Monday, July 28, 2008

History of Fishing Rods

In the last few decades fishing rods have undergone a transformation from the heavy beasts they once were to light finesse rods we now take for granted. While heavy rods still have their place most anglers are switching to light graphite models.

The earliest fishing rods can be dated back to ancient Egypt, China, Greece, Rome and medieval England (they were called angles which is where we get the word angling and angler). The first accepted pictures of angling with a rod date back to 2000 BC from Egypt. These early fishing rods were made of wood, bone or stone. The simplest rods were made out of a tree branch.

By about 800 BC fishing with a rod, line and hook was a common practice and is well recorded. The rods were made of different types of wood that was tied or bound together. The line was made from horsehair or finely woven flax. There is even evidence that a form of lead sinker was used at around this time. This is also around the time that fly fishing was developed after anglers learned that certain fish would eat flies off the surface of the water.

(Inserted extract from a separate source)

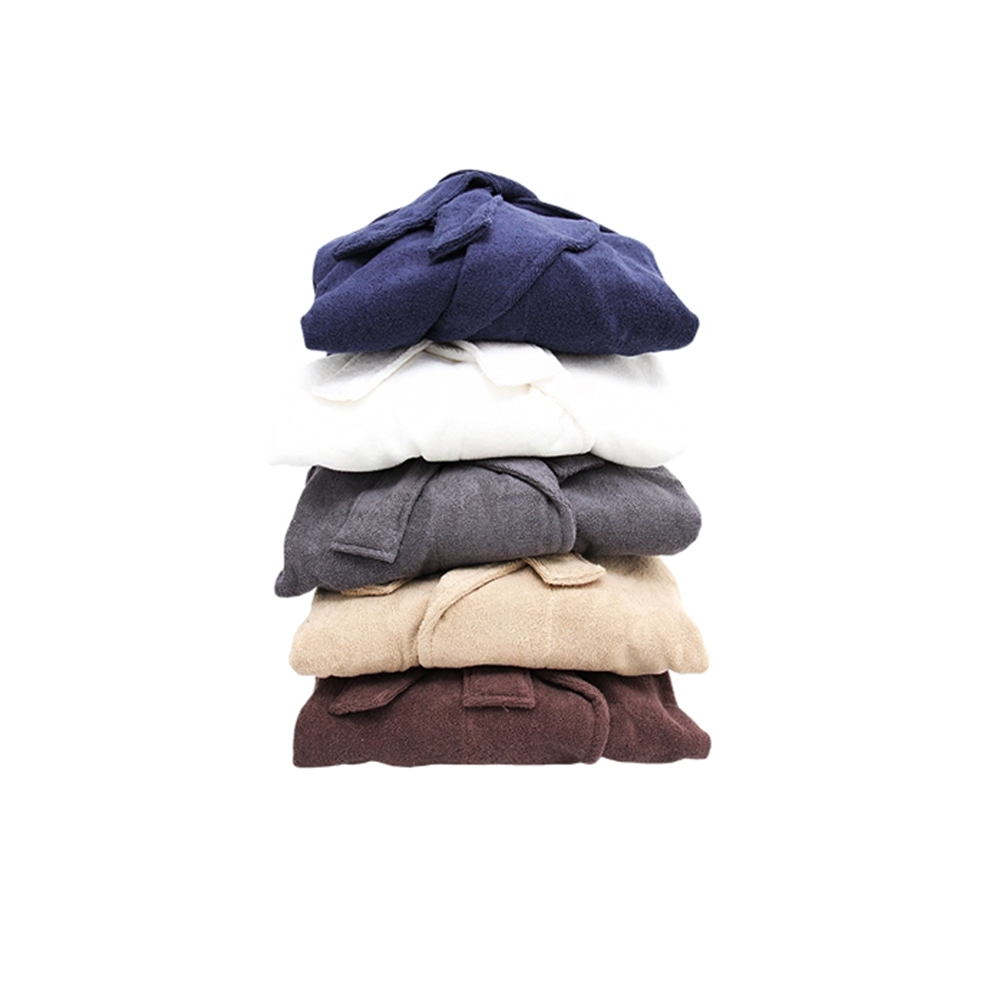 COTTON BATH ROBE NAVY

Throughout the years fishing rods changed very little until the 17th century when a wire loop was added to the tip allowing the line to be let out and back in very easily. By the end of the 18th century rods with guides along the length of the rod were common and this lead to the invention of the fishing reel.

In the 20th century rods underwent their most important transformation when the commonly used bamboo was replaced by fiberglass and, the lighter, carbon fiber.